==== Data
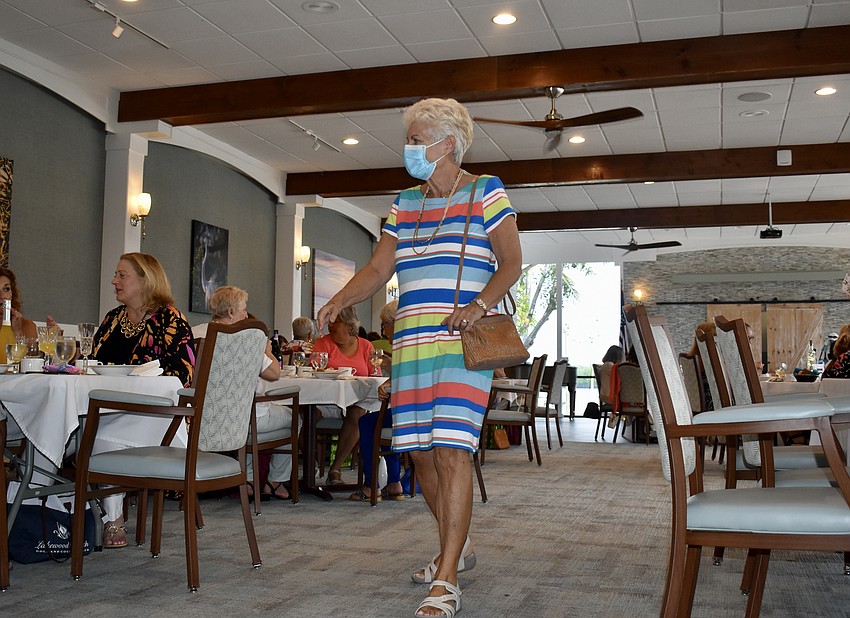 Helen Bliman models a multicolor dress for the Longboat Harbour Fashion Show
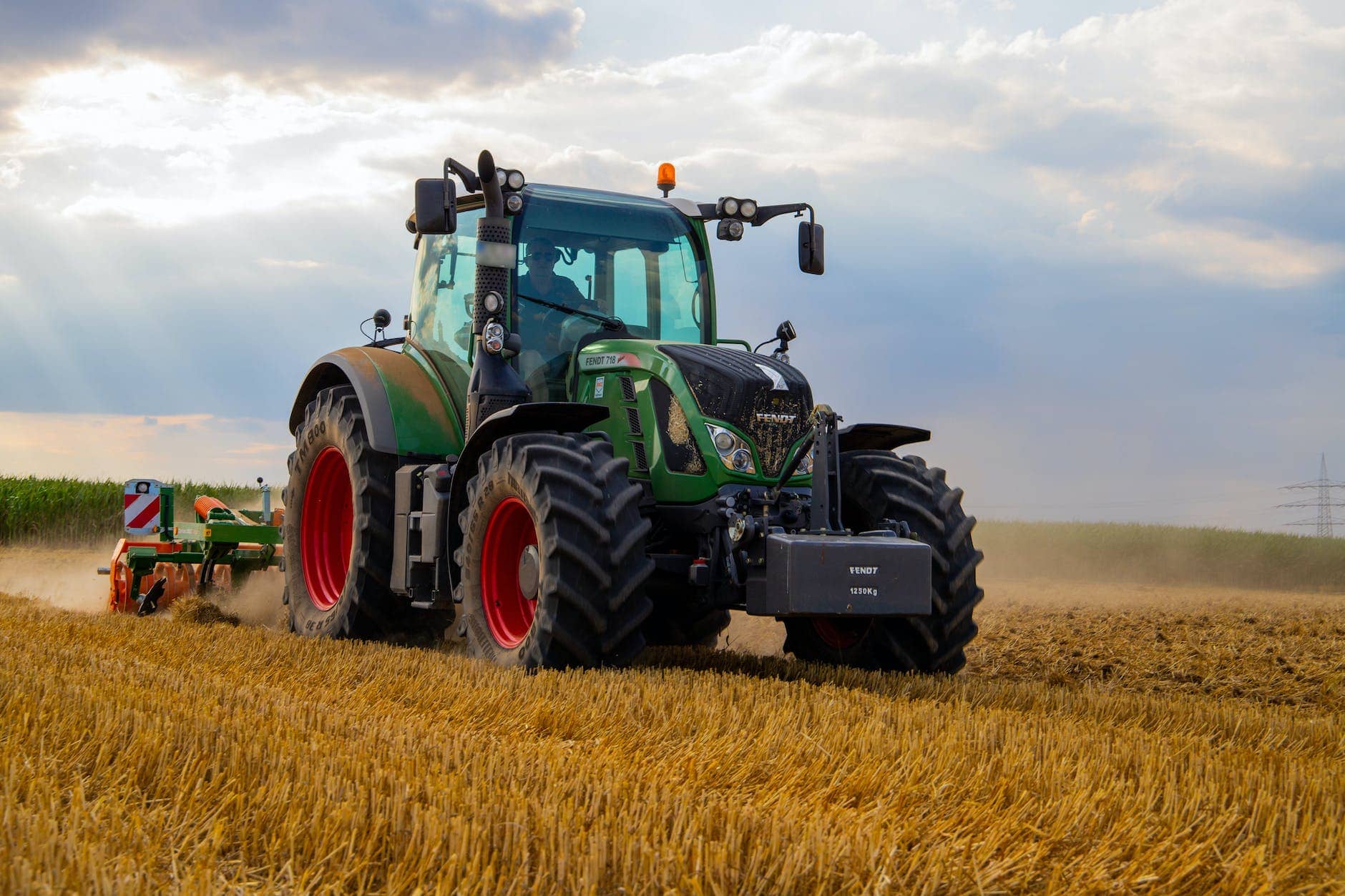 green tractor plowing the fields on focus photography - farming business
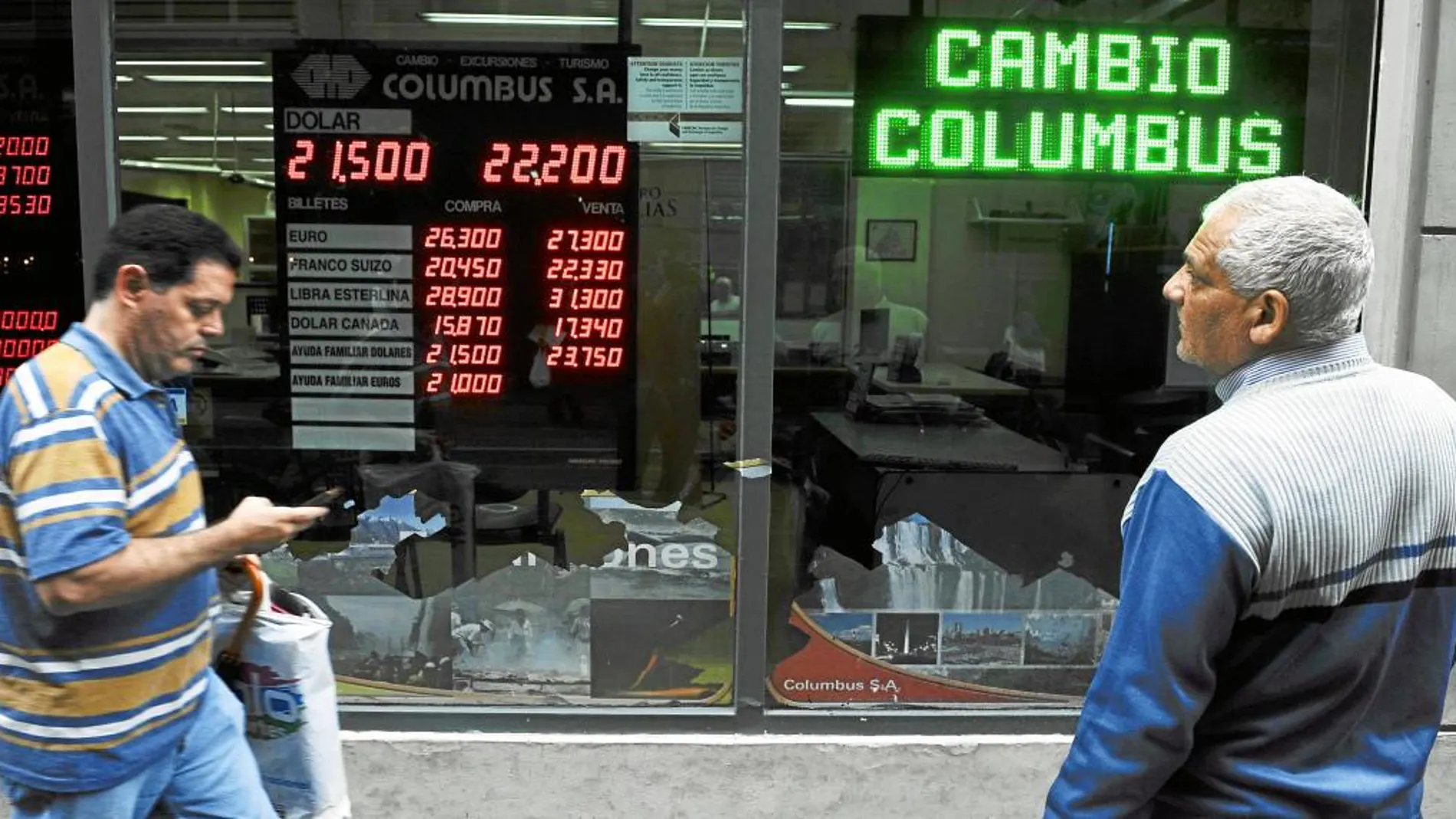 Dos argentinos pasan junto a una oficina de cambio de moneda, ayer, en Buenos Aires
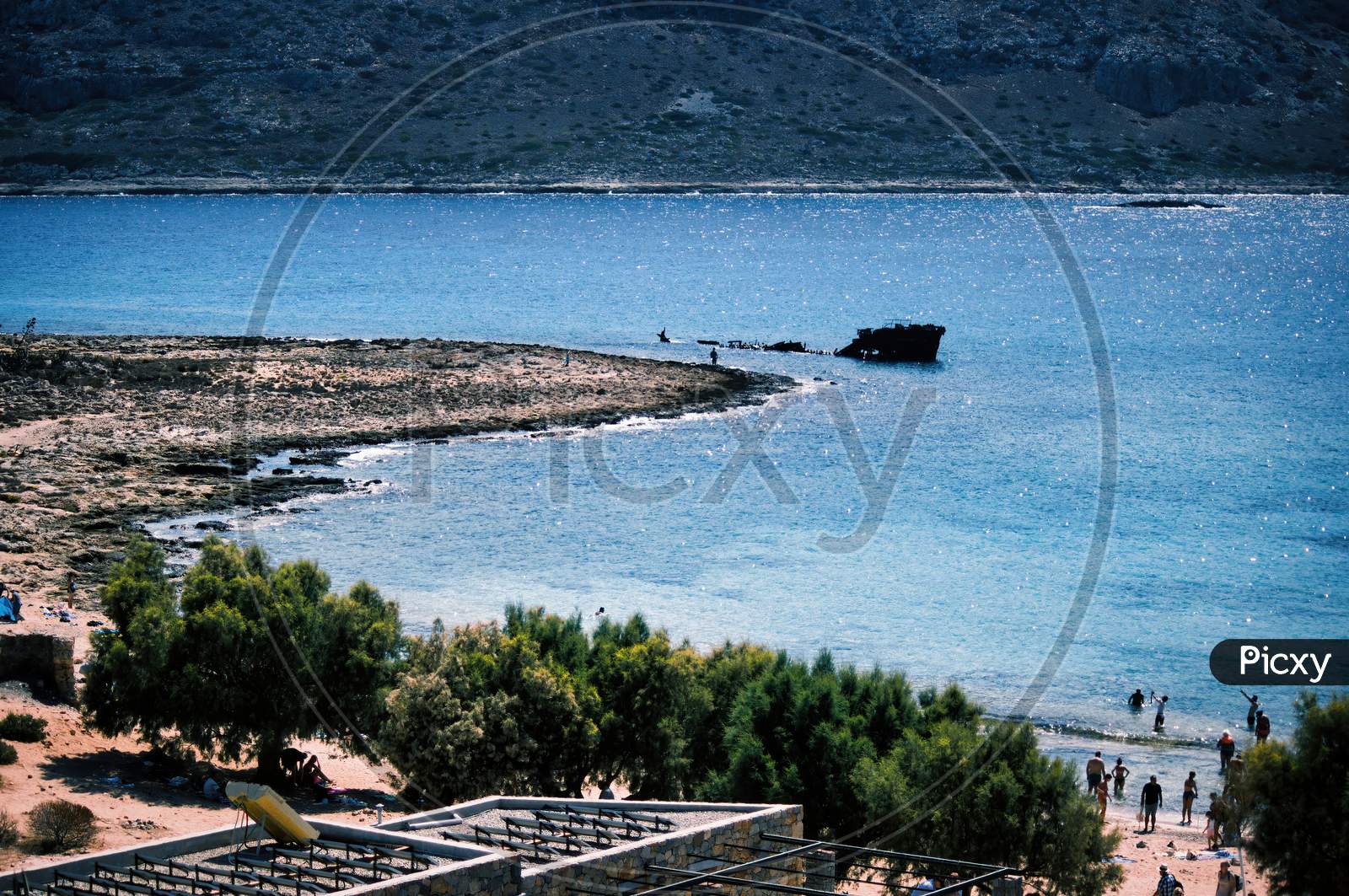 Rusty Shipwreck Off The Island Of Imeri Gramvousa, Crete, Greece On Mediterranean Sea During Summer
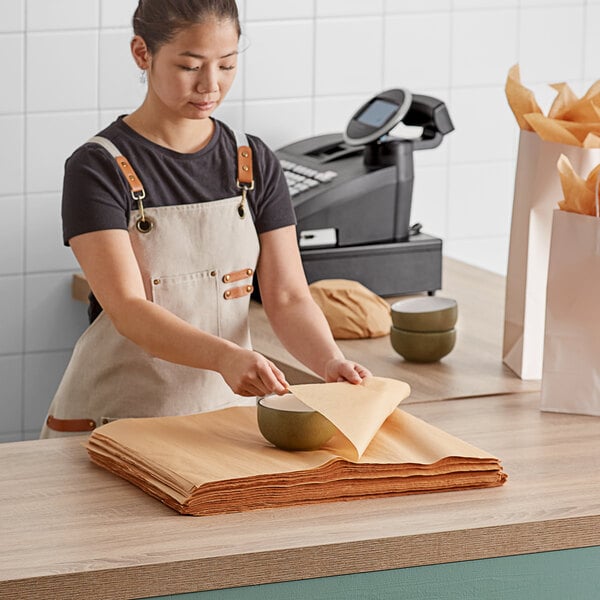 A woman in a white apron holding a bowl over a stack of Lavex Kraft Tissue Paper.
========
§ **Action item**: Exactly the lines from the one containing "green tractor plowing" to the end of the records above, both end lines included, are to be printed, and no pictures with them.

§ **Expected answer**:
 green tractor plowing the fields on focus photography - farming business
 Dos argentinos pasan junto a una oficina de cambio de moneda, ayer, en Buenos Aires
 Rusty Shipwreck Off The Island Of Imeri Gramvousa, Crete, Greece On Mediterranean Sea During Summer
 A woman in a white apron holding a bowl over a stack of Lavex Kraft Tissue Paper.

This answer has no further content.